Measure would allow conversion of thrifts

November 30, 1990|By New York Times News Service

WASHINGTON -- Federal regulators proposed yesterday that savings and loan institutions be permitted to convert to state-chartered savings banks.

The measure, which has been pushed hard by savings and loan lobbyists, would further blur the lines between different kinds of savings institutions.

It was viewed by some experts as another step in an industry consolidation that would inevitably lead to the demise of savings and loan associations.

The proposal was made by the Federal Deposit Insurance Corp., which insures deposits at the nation's banks and savings institutions.

The proposal appears to narrow a rift between regulators over an issue that has been hotly debated in state legislatures that are also considering measures to enable savings and loan associations to convert to state-chartered savings institutions.

The new regulation has the support of FDIC Chairman L. William Seidman. In recent weeks, however, T. Timothy Ryan Jr., director of the Office of Thrift Supervision and a member of the FDIC board, has strongly opposed easing the current rules and blocked applications by 14 savings and loan associations to convert.

Mr. Ryan has maintained that the savings and loan industry was merely seeking to avoid the requirements of the federal law adopted last year that imposed stringent restrictions on savings and loan institutions, increasing their capital requirements and limiting the types of speculative investments they can make in areas such as "junk" bonds.

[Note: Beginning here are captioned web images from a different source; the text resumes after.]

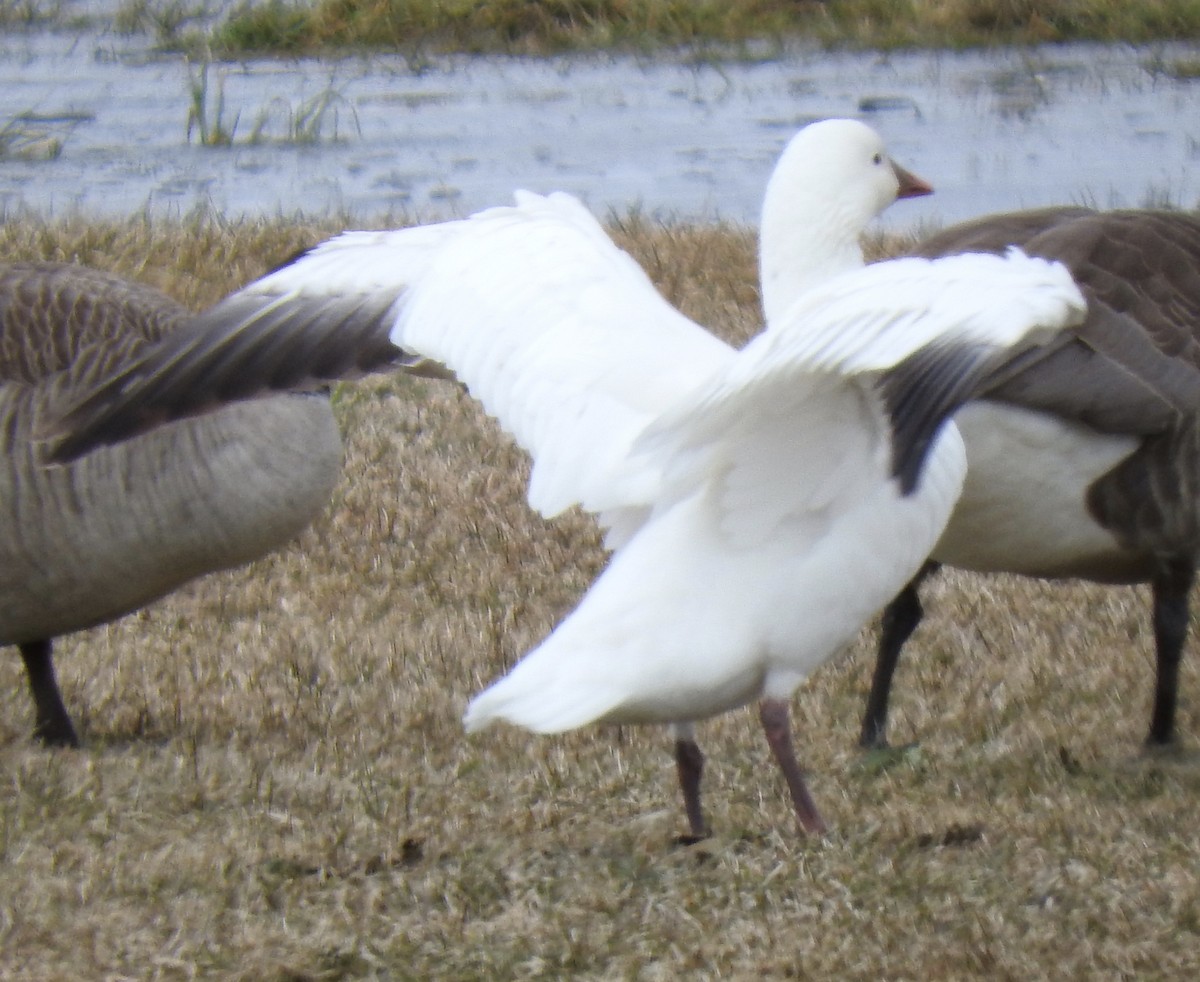 Ross's Goose - ML319997531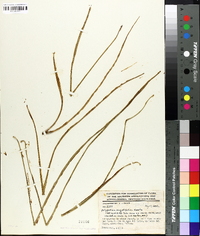 Campyloneurum angustifolium image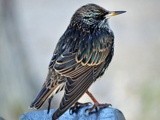 STARLING CLOSE TO ME ON A BENCH .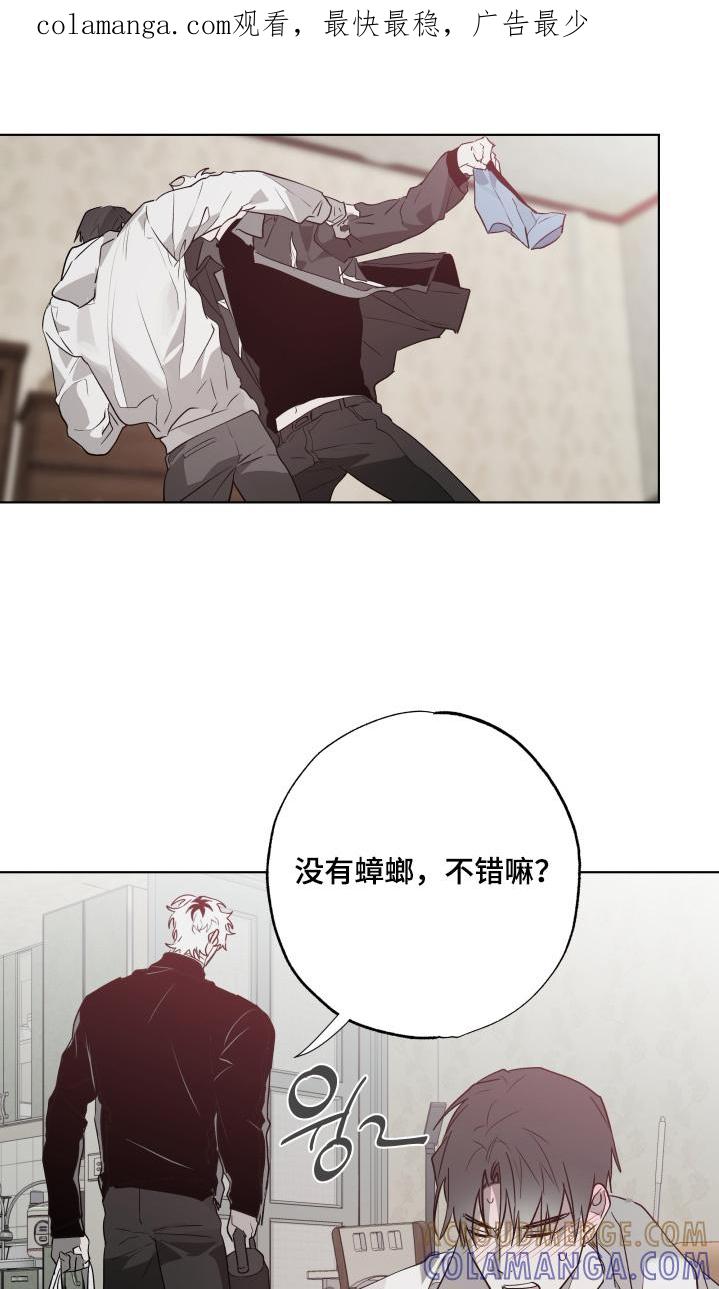 《前世梦魇》第38章：不要自责 第1页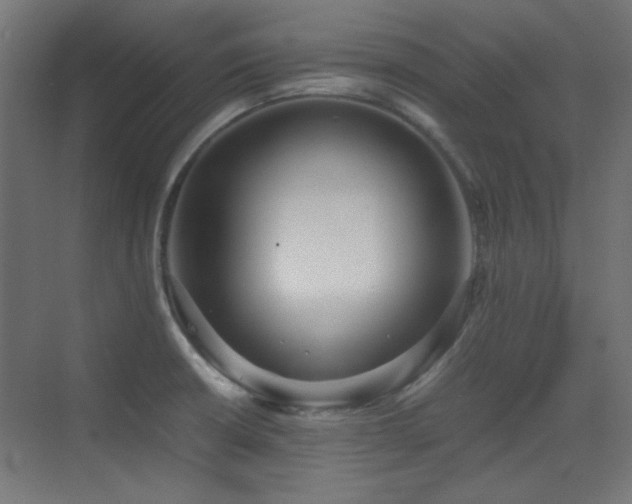 X0000073451426200607281209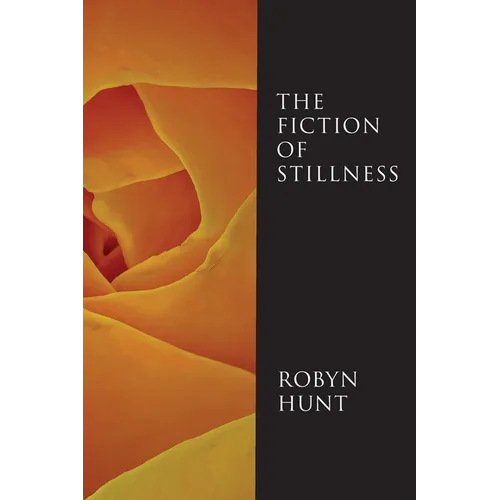 The Fiction of Stillness
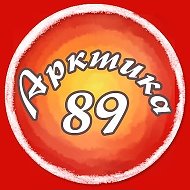 Арктика 89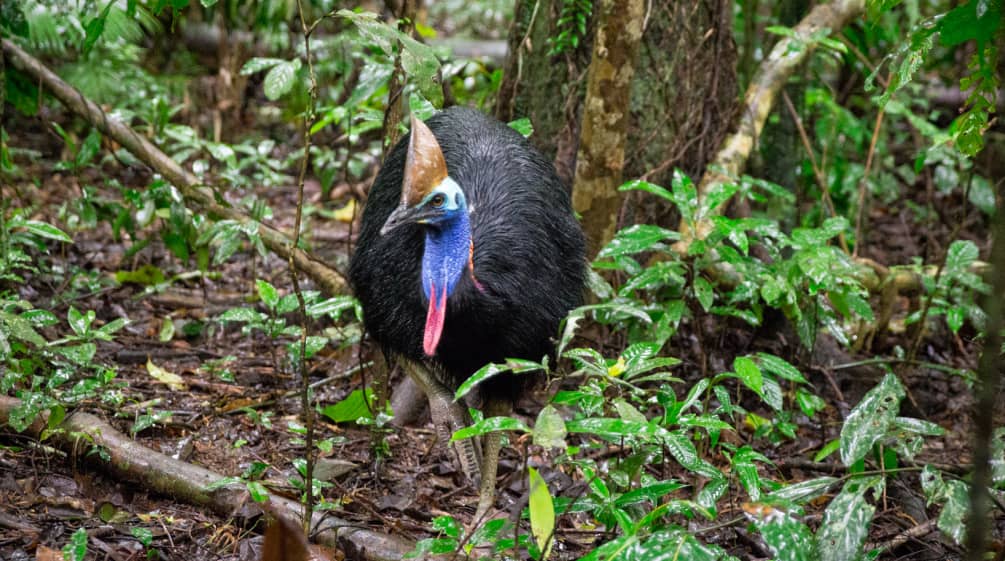 Casuario dall'elmo nella foresta di Daintree in Australia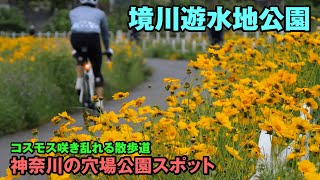 神奈川の穴場公園スポット 境川遊水地公園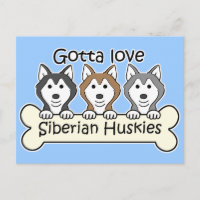 Trois Huskies sibériens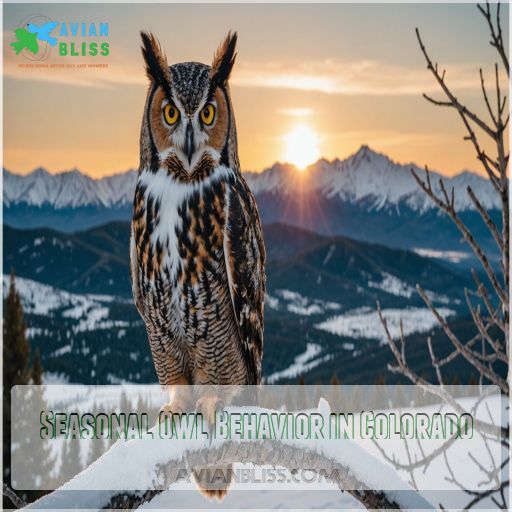 Seasonal Owl Behavior in Colorado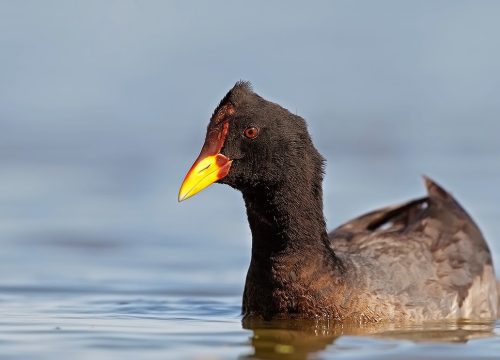 Gallareta escudete rojo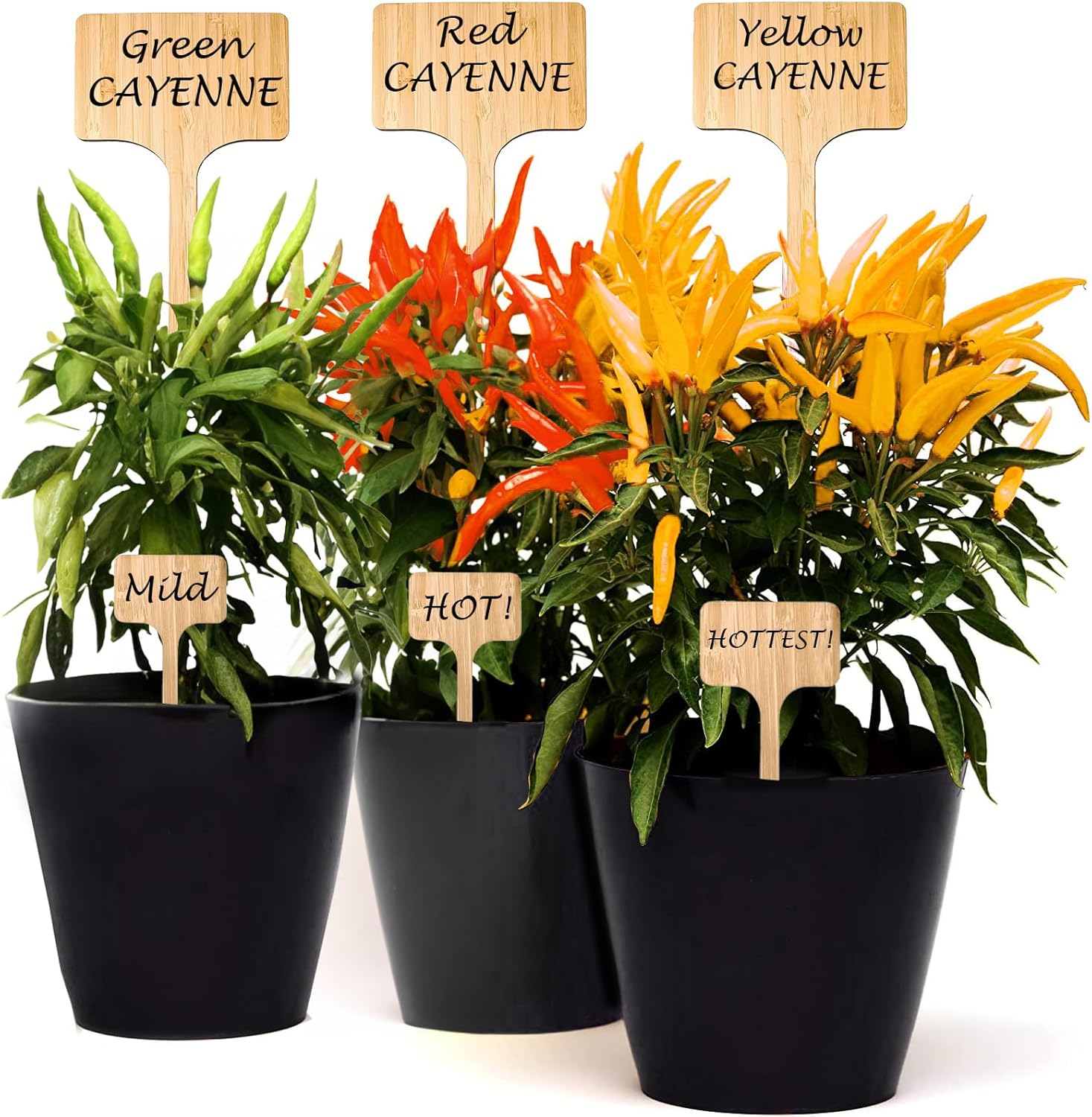 100 Pack 4.5 Inch Tall Plant Labels Garden Markers Plant Name Tags for Flowers, Herbs, Vegatables, Seeds, Bulbs Easy to See Writing Area with Full Size Marker-VerdiqueGarden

Savings and loans, for instance, must invest 70 percent of their assets in home mortgages, which in many parts of the country are becoming less profitable as real estate values decline.

State-chartered savings banks in many states have only a 60 percent mortgage lending requirement.

The conversion measure is expected to have little effect on consumers. Institutions that convert would no longer pay annual fees to the Office of Thrift Supervision.

Savings and loan officials have cited the fees as a principal reason for converting. But those costs typically have been passed on to customers.

Mr. Ryan stopped short of outright endorsement yesterday but said he was satisfied that the proposal addressed many of the concerns he had about the power of converted institutions to make risky investments.

Industry executives applauded the proposal and predicted it would be adopted shortly after the 30-day comment period ends.

"Today's action should clear the way for well-capitalized, well-managed S&Ls to change charters and get away from the burdensome and unnecessary fees associated with being an S&L regulated by the Office of Thrift Supervision," said Mark J. Riedy, president of the National Council of Savings Institutions.